• Assigned task: Below is a listing; return it in full, exactly as it appears.

::: Data records

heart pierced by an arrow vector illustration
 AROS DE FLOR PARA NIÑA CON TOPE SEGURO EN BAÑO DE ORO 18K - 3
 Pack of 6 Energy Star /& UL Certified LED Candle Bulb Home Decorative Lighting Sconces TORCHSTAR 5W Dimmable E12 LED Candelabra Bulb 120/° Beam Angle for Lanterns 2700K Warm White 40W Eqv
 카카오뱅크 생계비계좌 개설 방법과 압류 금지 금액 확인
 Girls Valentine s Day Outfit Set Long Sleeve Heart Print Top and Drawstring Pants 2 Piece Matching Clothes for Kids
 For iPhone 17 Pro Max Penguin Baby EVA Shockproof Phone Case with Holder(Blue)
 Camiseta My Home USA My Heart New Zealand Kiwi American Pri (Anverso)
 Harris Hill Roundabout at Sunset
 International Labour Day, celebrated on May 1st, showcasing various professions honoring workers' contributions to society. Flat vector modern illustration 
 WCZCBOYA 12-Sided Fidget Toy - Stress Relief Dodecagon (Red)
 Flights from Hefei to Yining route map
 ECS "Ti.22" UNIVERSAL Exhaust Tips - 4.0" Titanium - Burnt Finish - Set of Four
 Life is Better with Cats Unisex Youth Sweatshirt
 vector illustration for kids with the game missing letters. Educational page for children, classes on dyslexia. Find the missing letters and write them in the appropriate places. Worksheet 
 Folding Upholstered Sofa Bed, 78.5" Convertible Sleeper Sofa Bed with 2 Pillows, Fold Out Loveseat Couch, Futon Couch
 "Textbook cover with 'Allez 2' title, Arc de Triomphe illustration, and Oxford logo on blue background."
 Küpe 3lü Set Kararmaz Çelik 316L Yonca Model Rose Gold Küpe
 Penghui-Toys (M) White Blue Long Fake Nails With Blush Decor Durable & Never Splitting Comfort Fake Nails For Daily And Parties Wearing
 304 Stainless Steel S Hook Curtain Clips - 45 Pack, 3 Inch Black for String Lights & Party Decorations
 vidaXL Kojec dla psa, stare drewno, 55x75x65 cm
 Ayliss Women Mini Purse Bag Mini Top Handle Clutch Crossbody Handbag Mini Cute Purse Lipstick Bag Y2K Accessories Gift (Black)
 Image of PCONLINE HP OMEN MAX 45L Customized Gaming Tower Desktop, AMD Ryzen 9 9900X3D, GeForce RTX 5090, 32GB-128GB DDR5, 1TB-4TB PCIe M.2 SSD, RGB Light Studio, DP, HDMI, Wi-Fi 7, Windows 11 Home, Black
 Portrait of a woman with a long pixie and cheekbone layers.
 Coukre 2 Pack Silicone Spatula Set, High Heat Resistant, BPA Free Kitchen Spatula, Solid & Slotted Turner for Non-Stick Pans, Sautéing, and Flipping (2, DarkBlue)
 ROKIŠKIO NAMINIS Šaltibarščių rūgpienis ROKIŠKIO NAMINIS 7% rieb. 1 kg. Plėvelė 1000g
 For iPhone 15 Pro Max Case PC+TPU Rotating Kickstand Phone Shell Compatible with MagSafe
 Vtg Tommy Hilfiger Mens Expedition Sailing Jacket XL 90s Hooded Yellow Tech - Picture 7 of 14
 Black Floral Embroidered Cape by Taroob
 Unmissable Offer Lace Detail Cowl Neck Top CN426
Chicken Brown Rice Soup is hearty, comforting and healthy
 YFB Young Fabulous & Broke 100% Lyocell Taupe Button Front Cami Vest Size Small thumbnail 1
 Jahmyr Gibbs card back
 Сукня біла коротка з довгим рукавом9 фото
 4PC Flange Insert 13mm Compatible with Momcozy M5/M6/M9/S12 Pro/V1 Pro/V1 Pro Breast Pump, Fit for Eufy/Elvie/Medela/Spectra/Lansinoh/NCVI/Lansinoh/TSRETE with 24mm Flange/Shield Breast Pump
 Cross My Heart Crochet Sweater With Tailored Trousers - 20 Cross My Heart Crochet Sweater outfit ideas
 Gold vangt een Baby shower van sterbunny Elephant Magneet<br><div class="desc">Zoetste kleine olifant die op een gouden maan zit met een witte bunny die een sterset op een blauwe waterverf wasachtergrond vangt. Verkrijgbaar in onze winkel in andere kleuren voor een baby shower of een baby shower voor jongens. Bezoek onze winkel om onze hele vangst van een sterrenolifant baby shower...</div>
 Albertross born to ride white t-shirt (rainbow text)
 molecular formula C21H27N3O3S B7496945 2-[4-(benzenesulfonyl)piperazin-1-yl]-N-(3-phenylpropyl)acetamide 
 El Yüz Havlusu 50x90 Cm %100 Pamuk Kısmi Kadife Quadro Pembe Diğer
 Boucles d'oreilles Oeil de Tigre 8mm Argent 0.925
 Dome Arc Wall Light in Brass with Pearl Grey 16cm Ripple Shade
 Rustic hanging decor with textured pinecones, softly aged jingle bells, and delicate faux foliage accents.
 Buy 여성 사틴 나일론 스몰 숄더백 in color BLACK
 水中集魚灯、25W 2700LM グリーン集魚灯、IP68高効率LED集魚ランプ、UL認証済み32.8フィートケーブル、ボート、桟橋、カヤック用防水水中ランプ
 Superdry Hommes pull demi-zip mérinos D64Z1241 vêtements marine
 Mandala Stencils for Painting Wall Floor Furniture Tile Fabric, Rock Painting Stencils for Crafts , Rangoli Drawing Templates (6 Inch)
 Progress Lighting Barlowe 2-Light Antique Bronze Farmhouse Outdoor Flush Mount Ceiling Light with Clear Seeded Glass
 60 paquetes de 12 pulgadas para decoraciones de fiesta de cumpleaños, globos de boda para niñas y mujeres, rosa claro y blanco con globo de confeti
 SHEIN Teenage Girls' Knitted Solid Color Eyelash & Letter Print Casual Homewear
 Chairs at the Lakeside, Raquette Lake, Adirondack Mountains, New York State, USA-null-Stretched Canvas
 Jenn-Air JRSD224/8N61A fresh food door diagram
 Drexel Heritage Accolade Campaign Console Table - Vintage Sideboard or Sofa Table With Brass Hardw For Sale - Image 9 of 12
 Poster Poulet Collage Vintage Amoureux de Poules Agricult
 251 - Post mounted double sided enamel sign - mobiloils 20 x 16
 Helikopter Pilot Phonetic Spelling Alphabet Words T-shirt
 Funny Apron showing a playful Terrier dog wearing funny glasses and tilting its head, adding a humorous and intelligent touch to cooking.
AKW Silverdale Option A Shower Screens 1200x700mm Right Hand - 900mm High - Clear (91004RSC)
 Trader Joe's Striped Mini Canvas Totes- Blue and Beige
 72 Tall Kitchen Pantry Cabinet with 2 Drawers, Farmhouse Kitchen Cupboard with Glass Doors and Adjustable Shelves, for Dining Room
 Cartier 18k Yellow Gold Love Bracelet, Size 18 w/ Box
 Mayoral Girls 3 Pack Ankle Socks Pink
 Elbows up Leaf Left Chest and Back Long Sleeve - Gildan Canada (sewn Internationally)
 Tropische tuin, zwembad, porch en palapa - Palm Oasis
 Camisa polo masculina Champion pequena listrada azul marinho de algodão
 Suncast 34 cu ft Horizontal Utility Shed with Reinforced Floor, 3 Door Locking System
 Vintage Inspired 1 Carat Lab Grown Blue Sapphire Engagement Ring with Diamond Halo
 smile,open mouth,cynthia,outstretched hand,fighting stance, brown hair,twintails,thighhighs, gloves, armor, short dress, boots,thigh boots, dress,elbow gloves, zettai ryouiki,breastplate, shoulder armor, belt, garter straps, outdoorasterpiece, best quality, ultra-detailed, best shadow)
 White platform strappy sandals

::::::

• Exercise answer:
heart pierced by an arrow vector illustration
 AROS DE FLOR PARA NIÑA CON TOPE SEGURO EN BAÑO DE ORO 18K - 3
 Pack of 6 Energy Star /& UL Certified LED Candle Bulb Home Decorative Lighting Sconces TORCHSTAR 5W Dimmable E12 LED Candelabra Bulb 120/° Beam Angle for Lanterns 2700K Warm White 40W Eqv
 카카오뱅크 생계비계좌 개설 방법과 압류 금지 금액 확인
 Girls Valentine s Day Outfit Set Long Sleeve Heart Print Top and Drawstring Pants 2 Piece Matching Clothes for Kids
 For iPhone 17 Pro Max Penguin Baby EVA Shockproof Phone Case with Holder(Blue)
 Camiseta My Home USA My Heart New Zealand Kiwi American Pri (Anverso)
 Harris Hill Roundabout at Sunset
 International Labour Day, celebrated on May 1st, showcasing various professions honoring workers' contributions to society. Flat vector modern illustration 
 WCZCBOYA 12-Sided Fidget Toy - Stress Relief Dodecagon (Red)
 Flights from Hefei to Yining route map
 ECS "Ti.22" UNIVERSAL Exhaust Tips - 4.0" Titanium - Burnt Finish - Set of Four
 Life is Better with Cats Unisex Youth Sweatshirt
 vector illustration for kids with the game missing letters. Educational page for children, classes on dyslexia. Find the missing letters and write them in the appropriate places. Worksheet 
 Folding Upholstered Sofa Bed, 78.5" Convertible Sleeper Sofa Bed with 2 Pillows, Fold Out Loveseat Couch, Futon Couch
 "Textbook cover with 'Allez 2' title, Arc de Triomphe illustration, and Oxford logo on blue background."
 Küpe 3lü Set Kararmaz Çelik 316L Yonca Model Rose Gold Küpe
 Penghui-Toys (M) White Blue Long Fake Nails With Blush Decor Durable & Never Splitting Comfort Fake Nails For Daily And Parties Wearing
 304 Stainless Steel S Hook Curtain Clips - 45 Pack, 3 Inch Black for String Lights & Party Decorations
 vidaXL Kojec dla psa, stare drewno, 55x75x65 cm
 Ayliss Women Mini Purse Bag Mini Top Handle Clutch Crossbody Handbag Mini Cute Purse Lipstick Bag Y2K Accessories Gift (Black)
 Image of PCONLINE HP OMEN MAX 45L Customized Gaming Tower Desktop, AMD Ryzen 9 9900X3D, GeForce RTX 5090, 32GB-128GB DDR5, 1TB-4TB PCIe M.2 SSD, RGB Light Studio, DP, HDMI, Wi-Fi 7, Windows 11 Home, Black
 Portrait of a woman with a long pixie and cheekbone layers.
 Coukre 2 Pack Silicone Spatula Set, High Heat Resistant, BPA Free Kitchen Spatula, Solid & Slotted Turner for Non-Stick Pans, Sautéing, and Flipping (2, DarkBlue)
 ROKIŠKIO NAMINIS Šaltibarščių rūgpienis ROKIŠKIO NAMINIS 7% rieb. 1 kg. Plėvelė 1000g
 For iPhone 15 Pro Max Case PC+TPU Rotating Kickstand Phone Shell Compatible with MagSafe
 Vtg Tommy Hilfiger Mens Expedition Sailing Jacket XL 90s Hooded Yellow Tech - Picture 7 of 14
 Black Floral Embroidered Cape by Taroob
 Unmissable Offer Lace Detail Cowl Neck Top CN426
Chicken Brown Rice Soup is hearty, comforting and healthy
 YFB Young Fabulous & Broke 100% Lyocell Taupe Button Front Cami Vest Size Small thumbnail 1
 Jahmyr Gibbs card back
 Сукня біла коротка з довгим рукавом9 фото
 4PC Flange Insert 13mm Compatible with Momcozy M5/M6/M9/S12 Pro/V1 Pro/V1 Pro Breast Pump, Fit for Eufy/Elvie/Medela/Spectra/Lansinoh/NCVI/Lansinoh/TSRETE with 24mm Flange/Shield Breast Pump
 Cross My Heart Crochet Sweater With Tailored Trousers - 20 Cross My Heart Crochet Sweater outfit ideas
 Gold vangt een Baby shower van sterbunny Elephant Magneet<br><div class="desc">Zoetste kleine olifant die op een gouden maan zit met een witte bunny die een sterset op een blauwe waterverf wasachtergrond vangt. Verkrijgbaar in onze winkel in andere kleuren voor een baby shower of een baby shower voor jongens. Bezoek onze winkel om onze hele vangst van een sterrenolifant baby shower...</div>
 Albertross born to ride white t-shirt (rainbow text)
 molecular formula C21H27N3O3S B7496945 2-[4-(benzenesulfonyl)piperazin-1-yl]-N-(3-phenylpropyl)acetamide 
 El Yüz Havlusu 50x90 Cm %100 Pamuk Kısmi Kadife Quadro Pembe Diğer
 Boucles d'oreilles Oeil de Tigre 8mm Argent 0.925
 Dome Arc Wall Light in Brass with Pearl Grey 16cm Ripple Shade
 Rustic hanging decor with textured pinecones, softly aged jingle bells, and delicate faux foliage accents.
 Buy 여성 사틴 나일론 스몰 숄더백 in color BLACK
 水中集魚灯、25W 2700LM グリーン集魚灯、IP68高効率LED集魚ランプ、UL認証済み32.8フィートケーブル、ボート、桟橋、カヤック用防水水中ランプ
 Superdry Hommes pull demi-zip mérinos D64Z1241 vêtements marine
 Mandala Stencils for Painting Wall Floor Furniture Tile Fabric, Rock Painting Stencils for Crafts , Rangoli Drawing Templates (6 Inch)
 Progress Lighting Barlowe 2-Light Antique Bronze Farmhouse Outdoor Flush Mount Ceiling Light with Clear Seeded Glass
 60 paquetes de 12 pulgadas para decoraciones de fiesta de cumpleaños, globos de boda para niñas y mujeres, rosa claro y blanco con globo de confeti
 SHEIN Teenage Girls' Knitted Solid Color Eyelash & Letter Print Casual Homewear
 Chairs at the Lakeside, Raquette Lake, Adirondack Mountains, New York State, USA-null-Stretched Canvas
 Jenn-Air JRSD224/8N61A fresh food door diagram
 Drexel Heritage Accolade Campaign Console Table - Vintage Sideboard or Sofa Table With Brass Hardw For Sale - Image 9 of 12
 Poster Poulet Collage Vintage Amoureux de Poules Agricult
 251 - Post mounted double sided enamel sign - mobiloils 20 x 16
 Helikopter Pilot Phonetic Spelling Alphabet Words T-shirt
 Funny Apron showing a playful Terrier dog wearing funny glasses and tilting its head, adding a humorous and intelligent touch to cooking.
AKW Silverdale Option A Shower Screens 1200x700mm Right Hand - 900mm High - Clear (91004RSC)
 Trader Joe's Striped Mini Canvas Totes- Blue and Beige
 72 Tall Kitchen Pantry Cabinet with 2 Drawers, Farmhouse Kitchen Cupboard with Glass Doors and Adjustable Shelves, for Dining Room
 Cartier 18k Yellow Gold Love Bracelet, Size 18 w/ Box
 Mayoral Girls 3 Pack Ankle Socks Pink
 Elbows up Leaf Left Chest and Back Long Sleeve - Gildan Canada (sewn Internationally)
 Tropische tuin, zwembad, porch en palapa - Palm Oasis
 Camisa polo masculina Champion pequena listrada azul marinho de algodão
 Suncast 34 cu ft Horizontal Utility Shed with Reinforced Floor, 3 Door Locking System
 Vintage Inspired 1 Carat Lab Grown Blue Sapphire Engagement Ring with Diamond Halo
 smile,open mouth,cynthia,outstretched hand,fighting stance, brown hair,twintails,thighhighs, gloves, armor, short dress, boots,thigh boots, dress,elbow gloves, zettai ryouiki,breastplate, shoulder armor, belt, garter straps, outdoorasterpiece, best quality, ultra-detailed, best shadow)
 White platform strappy sandals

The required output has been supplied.